This is a beautiful dessert that I felt in love since the first time I saw it.....elegant, delicate, tasty....and easy!
It is made with wine, and I think is perfect with a sweet wine. I made it with peach juice since I have kids at home.....
Hanazono Jelly (adapted from Tastemade Japan)
2/3 cup peach juice. I boiled two peaches and strained it well
1/3 cup water
4 1/2 tablespoon granulated sugar
6 gelatin sheets
Pieces of cooked peaches
Place the gelatine sheets in cold water. Put the peach juice (or white wine) to warm for 4 minues at medium low heat. Add the granulated sugar and the gelatin. Add 1/3 cup of water and mix well.

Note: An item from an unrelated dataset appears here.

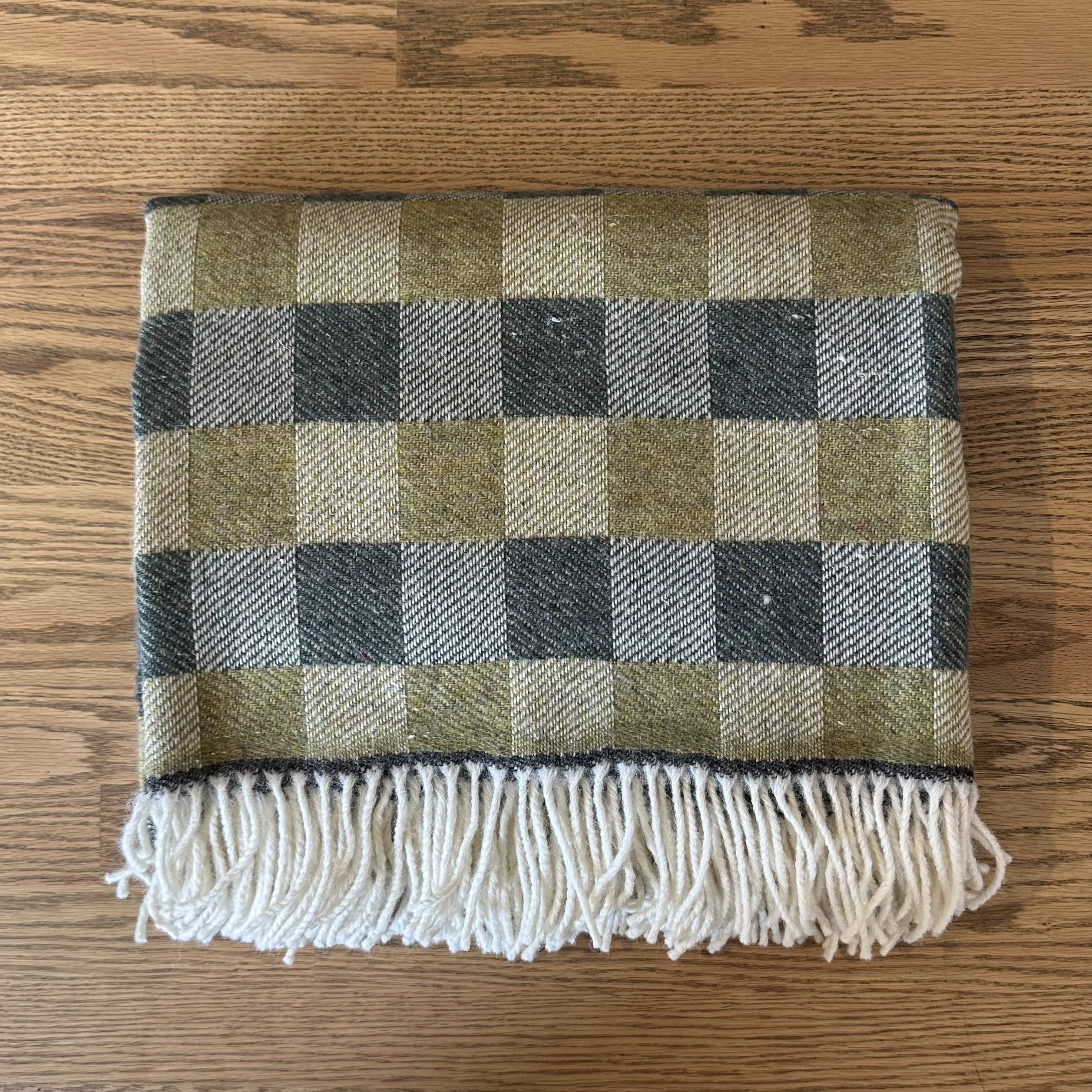 McNutt of Donegal - Shamrock Throw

In a mold, pour 1/2 of the peach juice gelatin. Place a layer of edible flowers into the mixture. Refrigerate until gelatin is firm. Place the pieces of peaches into the mold.
Yogurt Gelatin
2/3 cup plain yogurt
6 gelatin sheets
5 tablespoons milk
3 1/2 tablespoon heavy cream
3 tablespoons honey
Vanilla essence 1/2 teaspoon.
Place the gelatine sheets in cold water. Put the milk and cream to warm for 3 minues at medium low heat. Add the honey, vanilla, and the gelatin. Add the yogurt. Place the the yogurt gelatin mix on top of the peach juice/flowers gelatine and refrigerate for at least 3 hours. ENJOY!
It looks almost too pretty to eat with those edible flowers.